# [WHAT YOU NEED TO DO]
Output the entries below exactly as written, omitting pictures.

# [DATA RECORDS]
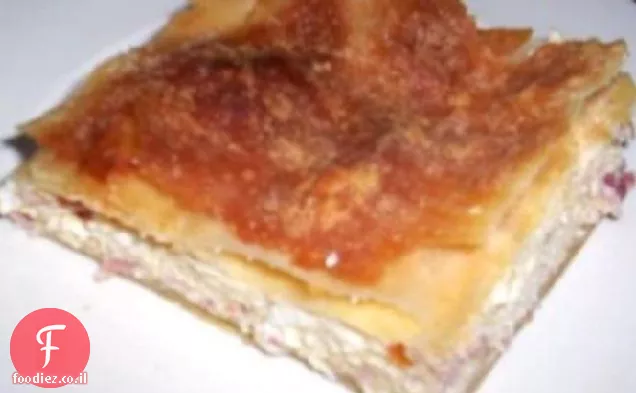 Tiropita (עוגת גבינה יוונית מלוחה)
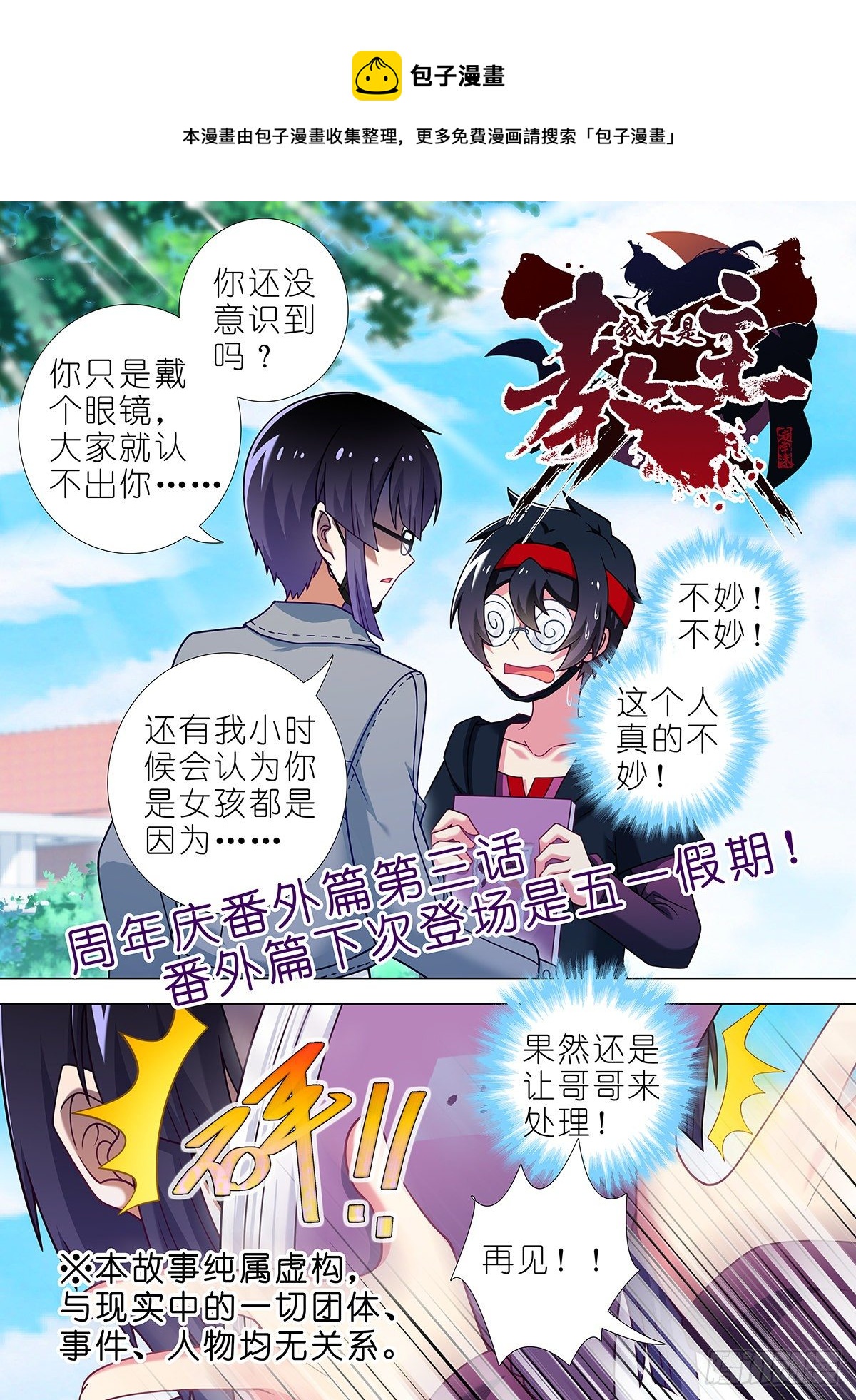 四周年特别篇番外三-第281话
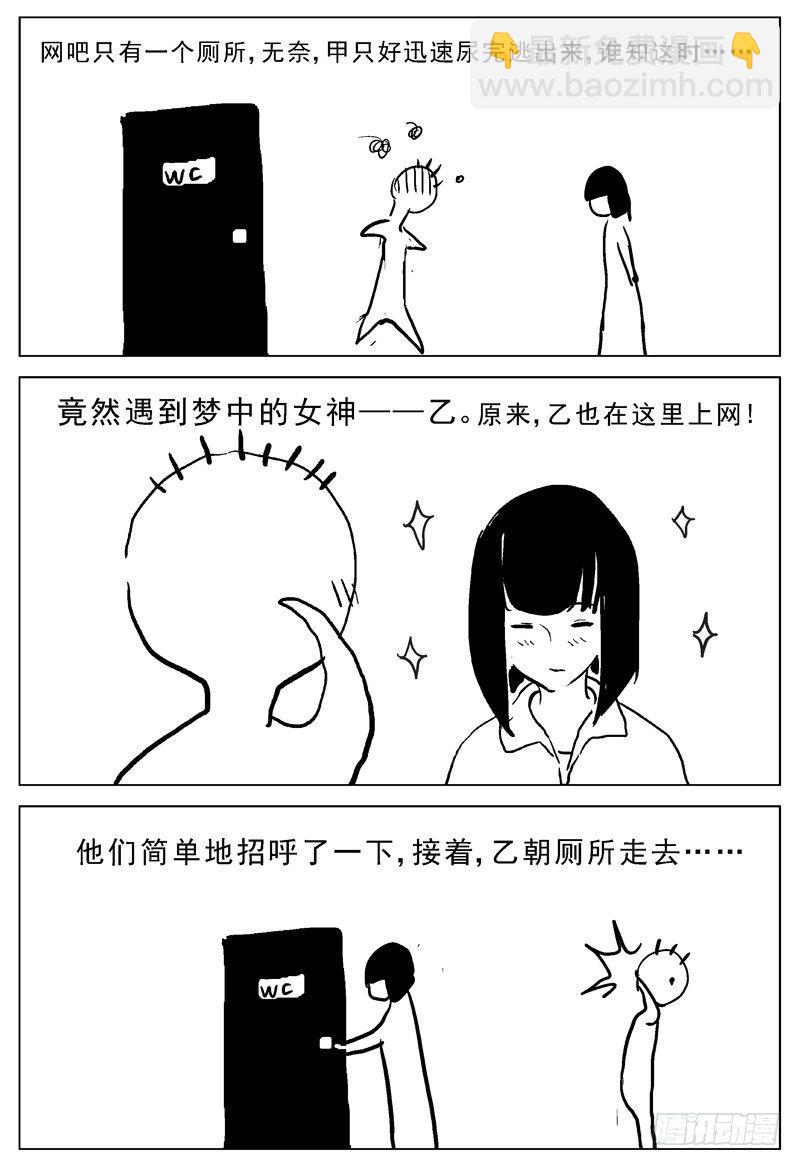🍜原目 031GHN73 第10页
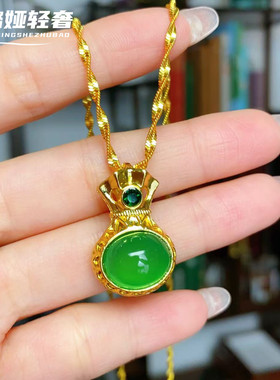 古法沙金福袋吊坠项链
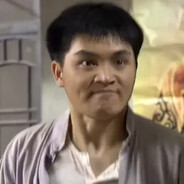 Aka西关拳王发仔记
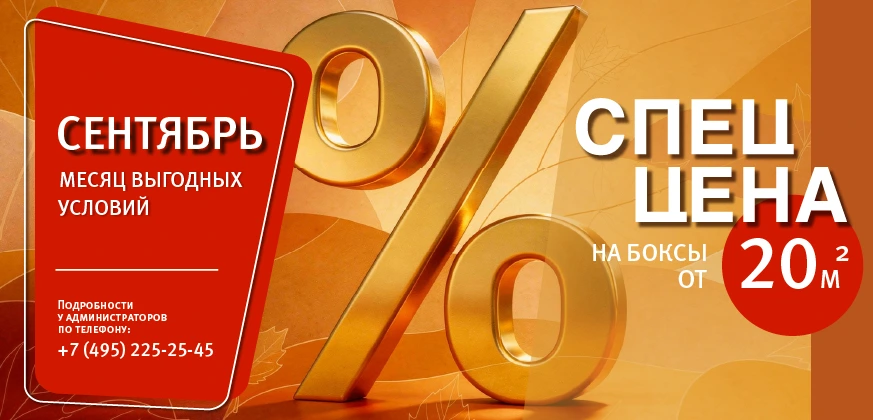 Спеццена_Осень_873х420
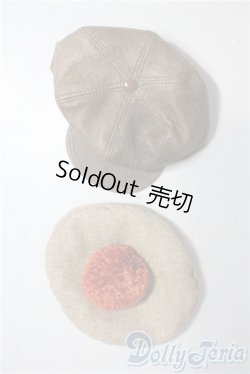 画像1: SD/OF:小物 U-25-10-07-154-TN-ZU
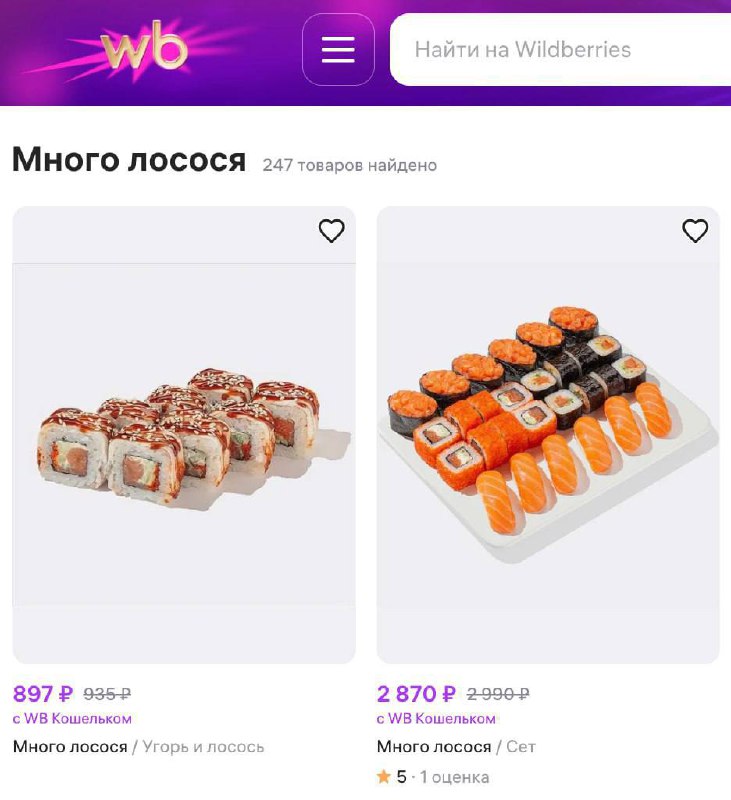 Чего: на Wildberries появились РОЛЛЫ из Много Лосося — пока оформить доставку через маркетплейс можн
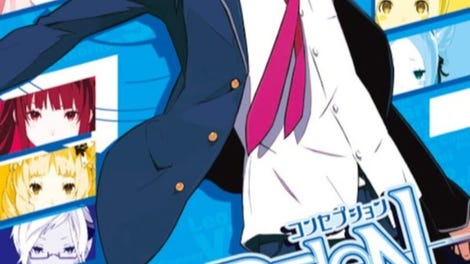 Conception: Ore no Kodomo wo Undekure!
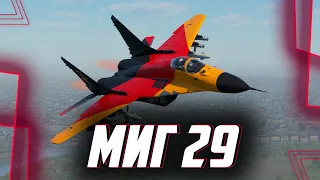 МИГ 29 УЧЮСЬ ИГРАТЬ  [MERCV] War Thunder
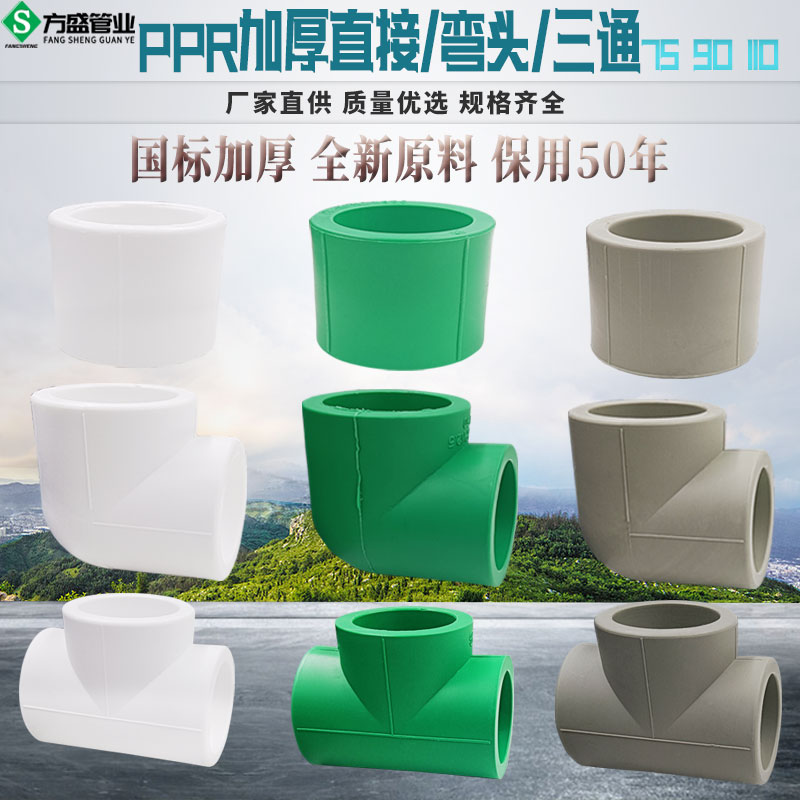 ppr加厚等径直接 弯头 三通水管材管件配件75 90 110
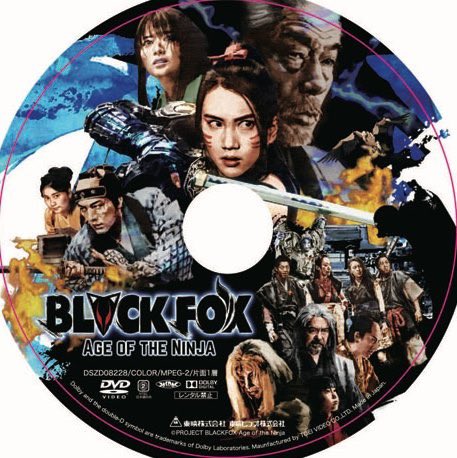 台湾、日本の特撮ファンを熱狂させた監督 #坂本浩一 主演 #山本千尋 の「BLACKFOX: Age of the Ni 台湾、日本の特撮ファンを熱狂させた監督 #坂本浩一 主演 #山本千尋 の「BLACKFOX: Age of the Ni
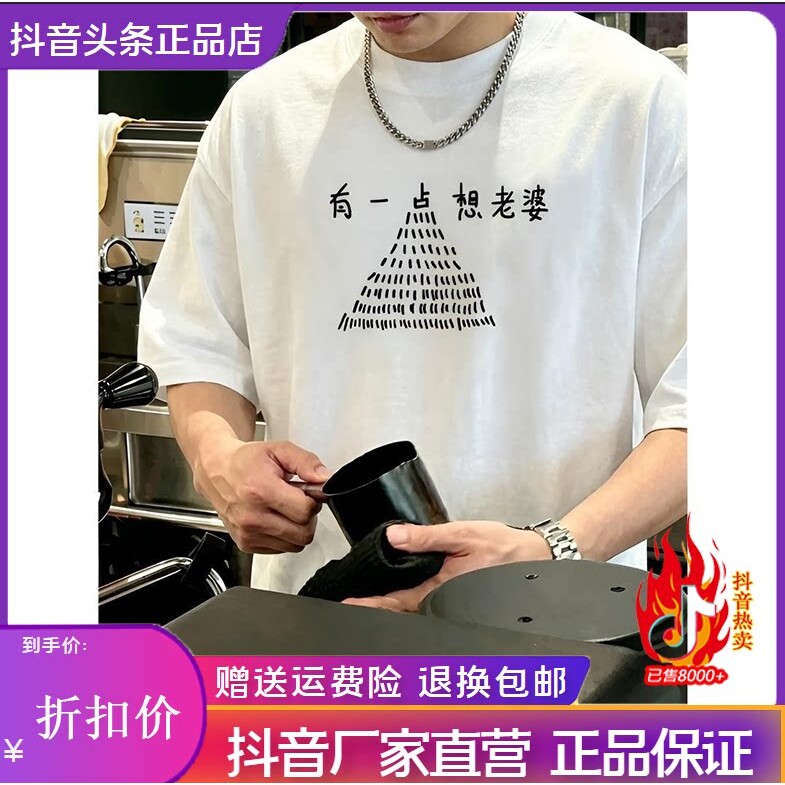 抖音同款轻奢高端之选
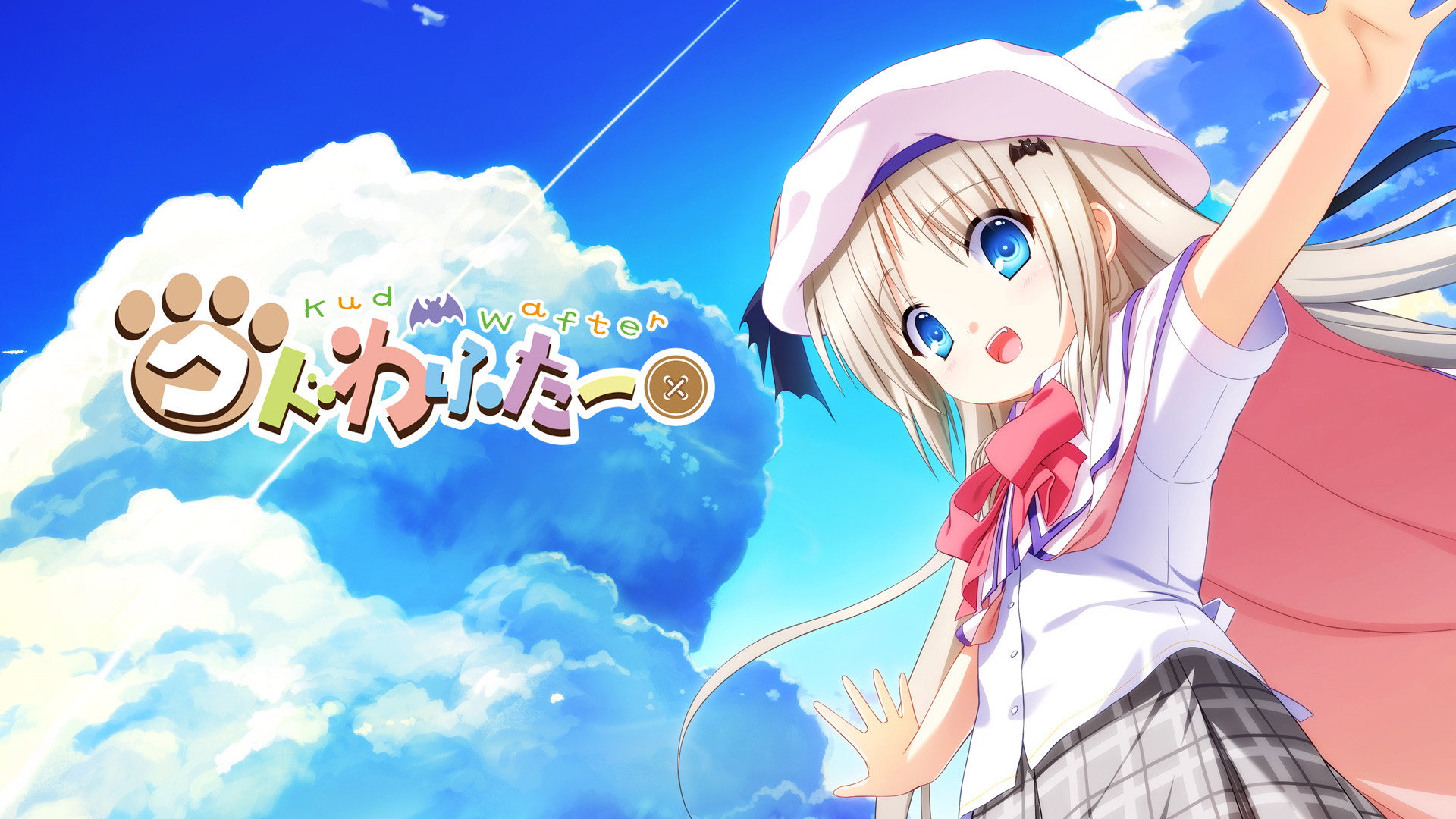 Little Busters! Kud Wafter scene photo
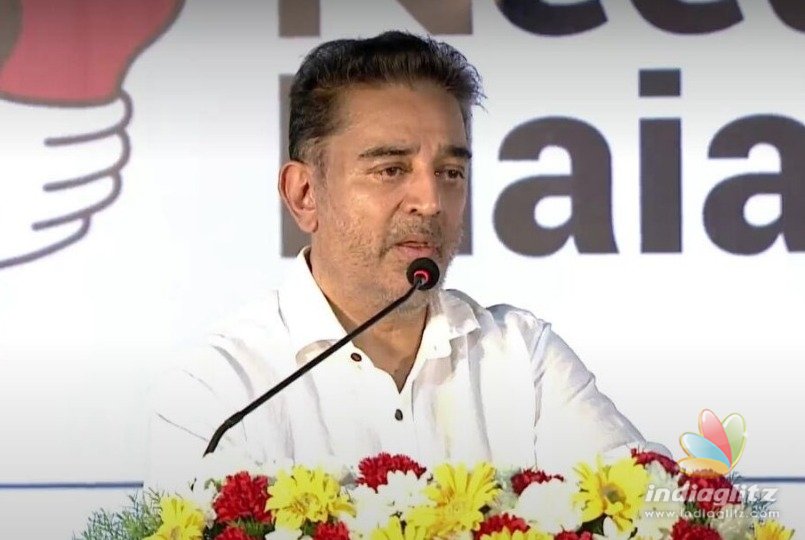 Kamal announces cash relief to Usha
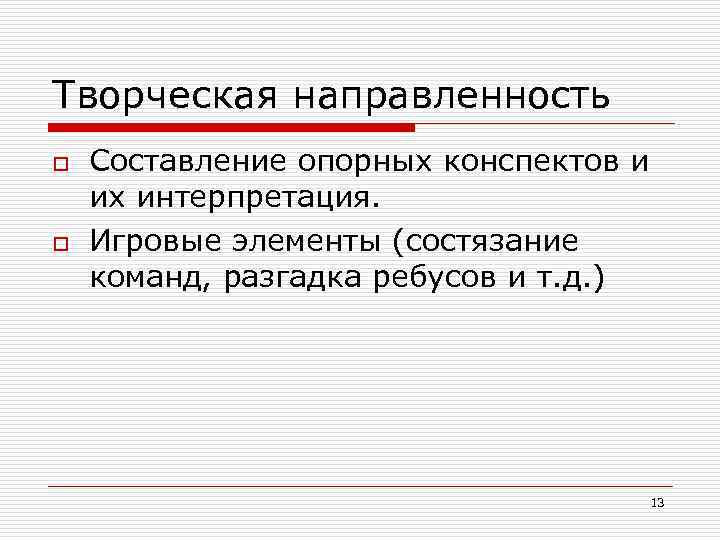Творческая направленность o o Составление опорных конспектов и их интерпретация. Игровые элементы (состязание команд,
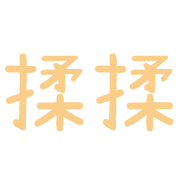 014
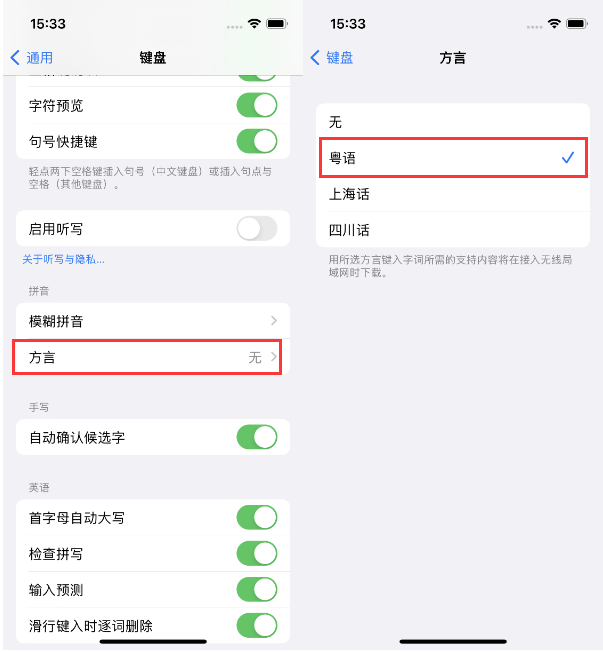 靖安苹果14服务点分享iPhone 14plus设置键盘粤语方言的方法 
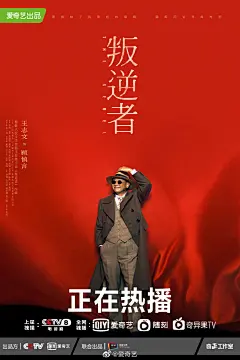 叛逆者 影视海报 人物海报 创意海报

# [REPLY TO THE EXERCISE]
 Tiropita (עוגת גבינה יוונית מלוחה)
 四周年特别篇番外三-第281话
🍜原目 031GHN73 第10页
 古法沙金福袋吊坠项链
 Aka西关拳王发仔记
 Спеццена_Осень_873х420
 画像1: SD/OF:小物 U-25-10-07-154-TN-ZU
 Чего: на Wildberries появились РОЛЛЫ из Много Лосося — пока оформить доставку через маркетплейс можн
 Conception: Ore no Kodomo wo Undekure!
 МИГ 29 УЧЮСЬ ИГРАТЬ  [MERCV] War Thunder
 ppr加厚等径直接 弯头 三通水管材管件配件75 90 110
 台湾、日本の特撮ファンを熱狂させた監督 #坂本浩一 主演 #山本千尋 の「BLACKFOX: Age of the Ni 台湾、日本の特撮ファンを熱狂させた監督 #坂本浩一 主演 #山本千尋 の「BLACKFOX: Age of the Ni
 抖音同款轻奢高端之选
 Little Busters! Kud Wafter scene photo
 Kamal announces cash relief to Usha
Творческая направленность o o Составление опорных конспектов и их интерпретация. Игровые элементы (состязание команд,
 014
 靖安苹果14服务点分享iPhone 14plus设置键盘粤语方言的方法 
 叛逆者 影视海报 人物海报 创意海报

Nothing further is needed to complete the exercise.